ESP32-S2-HMI-DevKit-1 audio playback schematic (click to enlarge)

The audio PA is powered by the 5 V power domain. Before using the audio playback function, please make sure this power domain is powered on (refer to 5 V Power Domain section).

Audio Recording

The ESP32-S2-HMI-DevKit-1 development board can record audio data from the analog microphone via an internal ADC.

The board is equipped with an analog microphone with a sensitivity of -38 dB. And it will send the output signal to the operational amplifier TLV6741 with a fixed gain to amplify the signal.

ESP32-S2-HMI-DevKit-1 microphone schematic (Click to enlarge)

ESP32-S2-HMI-DevKit-1 microphone schematic (Click to enlarge)

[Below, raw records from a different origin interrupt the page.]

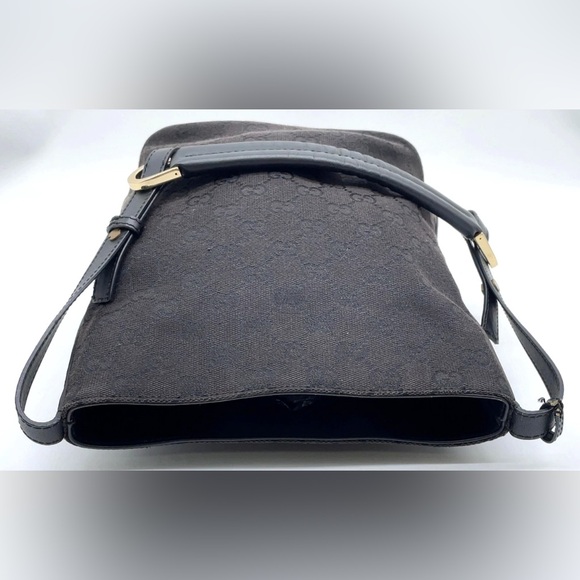 Gucci denim fabric leather Deep brown black Monogram Shoulder Bag AUTHENTIC - Picture 3 of 13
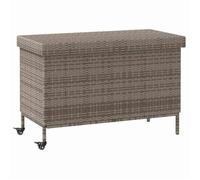 Boîte de rangement de jardin et roues gris résine tressée, boîte de rangement d'extérieur, rangement de coussins de 4103828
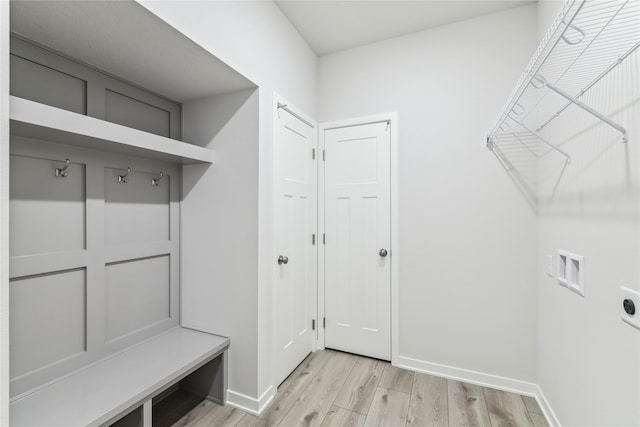 mudroom with light wood-type flooring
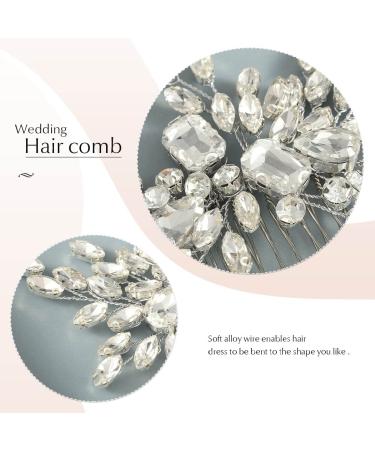 Catery Crystal Bride Wedding Hair Comb - Silver Bridal Side Combs for Women and Girls - Buy Online on GoSupps.com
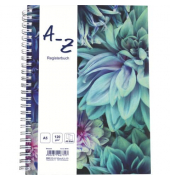 Notizbuch 46779, mit ABC Register Blossom, grün, A5, liniert, 120g, 48 Blatt / 96 Seiten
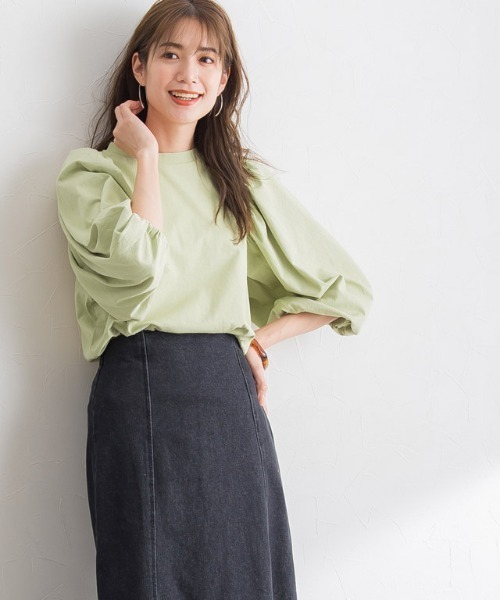 Pierrot(ピエロ)の「ボリュームスリーブTシャツ(Tシャツ/カットソー・レディース・ブラック/オフホワイト/ライム/ブルー系その他/チャコール・M/L)」の5枚目の写真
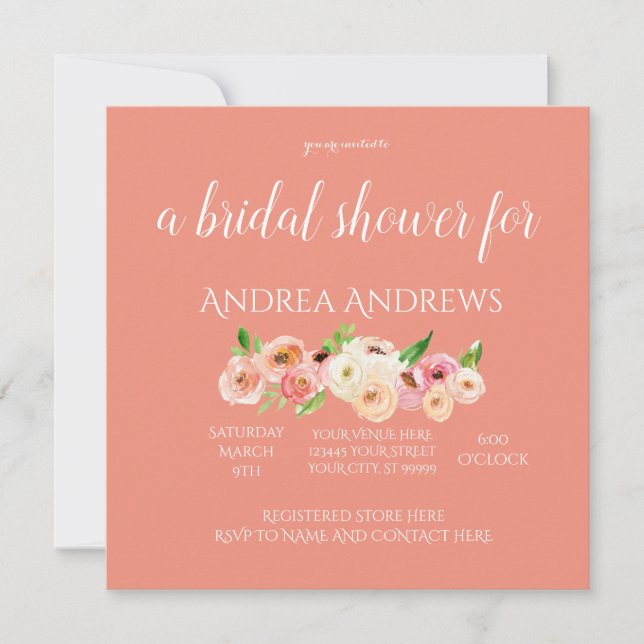 Aquarelle Coral Floral Douche nuptiale Invitation (Devant)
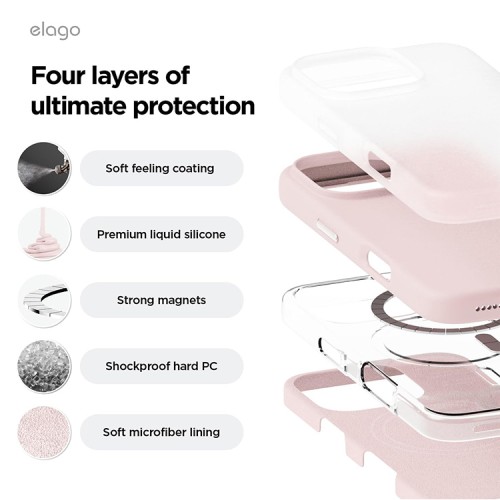 Elago для iPhone 16 Pro чехол Soft silicone (Liquid) Lovely Pink (MagSafe)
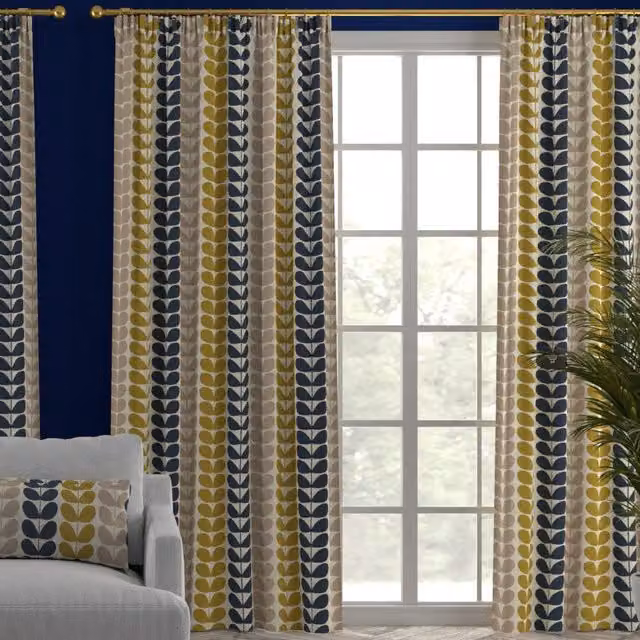 Terrys Orla Kiely Trio Stem Made to Measure Blackout Fabric Panel Curtain in Yellow and Multicolour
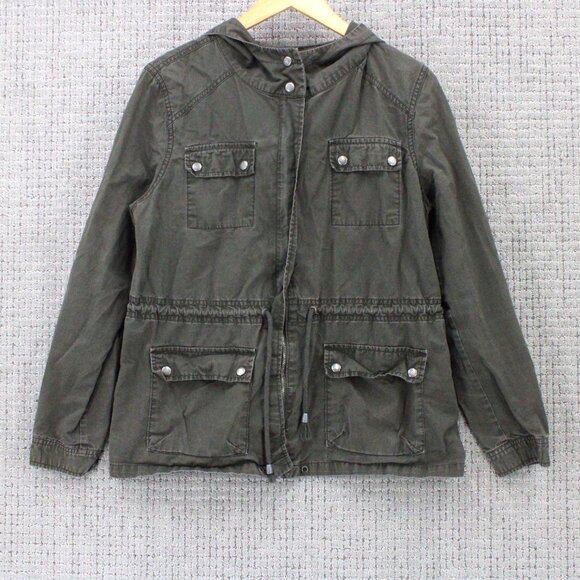 Life In Progress Military Jacket Women Large L Brown Full Zip MultiPocket Hooded - Picture 1 of 9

The microphone and operational amplifier mentioned above are powered by a controlled 3.3 V power domain. Before using the audio recording function, please make sure this power domain is powered on (refer to 3.3 V Power Domain section).

Please use the Timer Group interrupt to record audio data. Do not use code such as the following format in tasks for audio recording:

size_t index = 0;
uint16_t audio_data[configMAX_ACQUIRE_COUNT];
do {
    audio_data[index] = adc1_get_raw(CONFIG_AUDIO_CHANNEL);
    ets_delay_us(1000000 / CONFIG_AUDIO_FREQ);
} while (++index < CONFIG_MAX_ACQUIRE_COUNT)

The above format will cause the CPU to be occupied, thus triggering the task watchdog (if it is not disabled), and make other tasks with lower priorities (e.g., IDLE Task) not able to operate normally.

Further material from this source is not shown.